Judging from the results of FIG. 1 and FIG.
The transmitted light is light in the blue-green band, and the reflected and scattered light is light in the red-orange band. Therefore, in the transmitted light-reflected scattered light hue difference opal glass obtained in Example 2 above, blue-green transmitted light,
It is considered that an apparent reddish brown color appears in combination with the strongly scattered reddish orange light.

[0033]

According to the present invention, the heat treatment step of generating and growing the gold colloid at 900 to 1100 ° C. is performed at the same time as the shaping and polishing step by heating the cut phase-separated glass, and a diamond tool or the like is used. Since the step of molding and polishing is omitted, the manufacturing cost of the product can be reduced.

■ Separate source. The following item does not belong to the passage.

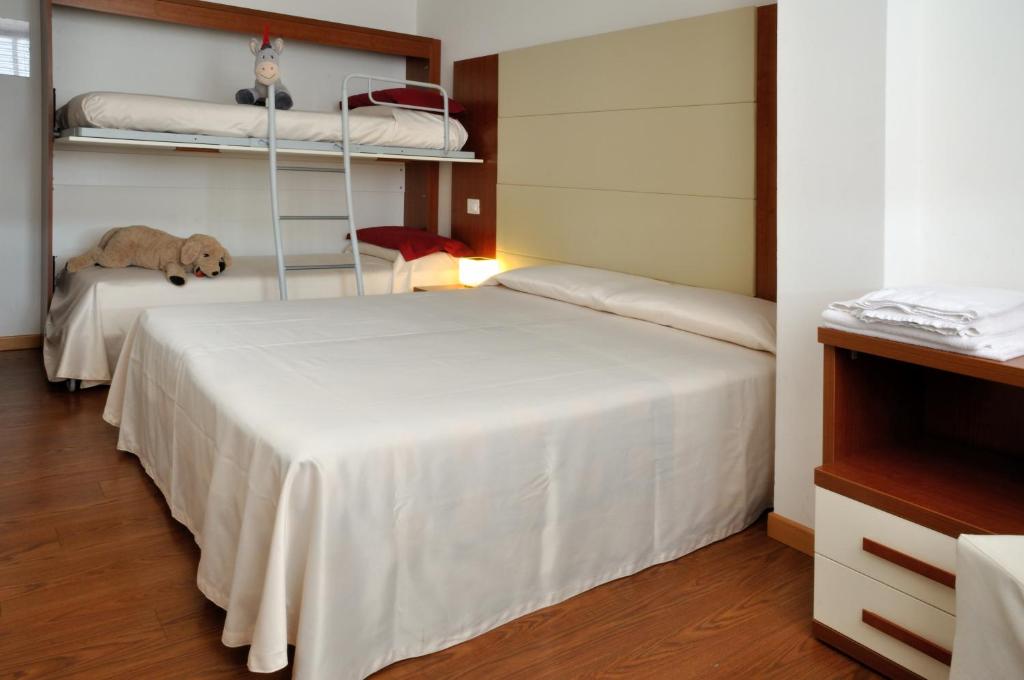 Postel nebo postele na pokoji v ubytování Hotel Mezzaluna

Further, the transmitted light-reflected scattered light hue difference opal glass obtained by the present invention can be utilized as a glass material of special eccentricity for expressing dichroism, for glass crafts, furniture building materials, etc. It is possible to aggressively develop new products. In addition, volcanic ash soils, feldspars,
Since natural resources such as porcelain stone can be used as a raw material, development of local special products in the raw material producing area can be promoted.

[Brief description of drawings]

FIG. 1 is a graph showing a light scattering spectrum in a visible light region of transmitted light-reflected scattered light hue difference opal glass obtained by a manufacturing method according to the present invention.

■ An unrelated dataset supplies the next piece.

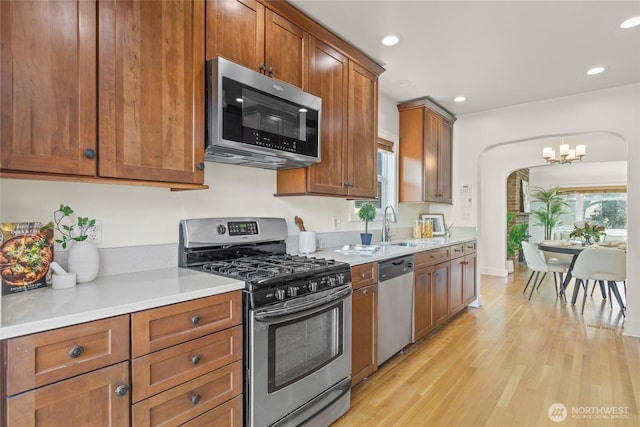 3112 13th Ave S, Seattle, WA 98144 - kitchen with appliances with stainless steel finishes, light wood-style floors, a chandelier, light countertops, and recessed lighting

FIG. 2 is a graph showing a light scattering spectrum in a visible light region of transmitted light-reflected scattered light hue difference opal glass obtained by the manufacturing method according to the present invention.

Claims (2)

[Claims] 1. A raw material is a mixture of a basic glass raw material, a vitrification auxiliary additive and a colorant, wherein the basic glass raw material does not contain phosphoric acid and contains 40 to 65% by weight of silicic acid. 5-20% alumina and 1
0 to 25% of boron oxide, 5 to 20% of calcium carbonate, 0 to 5% of magnesium oxide, and 1 to 10% of an alkali metal oxide, wherein the vitrification auxiliary additive is in a weight percentage. Of 0 to 5% barium carbonate and 0 to 3% of fluoride, and the colorant is 0.005 to 0.50% by weight based on the weight of the basic glass raw material and the vitrification auxiliary additive.
05% gold, 0-3% manganese dioxide, 0-3%
Of the rare earth element oxides, the raw material mixture is melted at a temperature between 1200 ° C. and 1500 ° C., and then cooled to obtain a basic glass.
A method for producing a transmitted light-reflected scattered light hue difference opal glass in which a phase-divided glass is reheated at a temperature of 0 to 800 ° C. and then heated to 900 to 1100 ° C. to grow a gold colloid. 2. A transmitted light-reflected scattered light hue difference opal glass manufactured by the manufacturing method according to claim 1.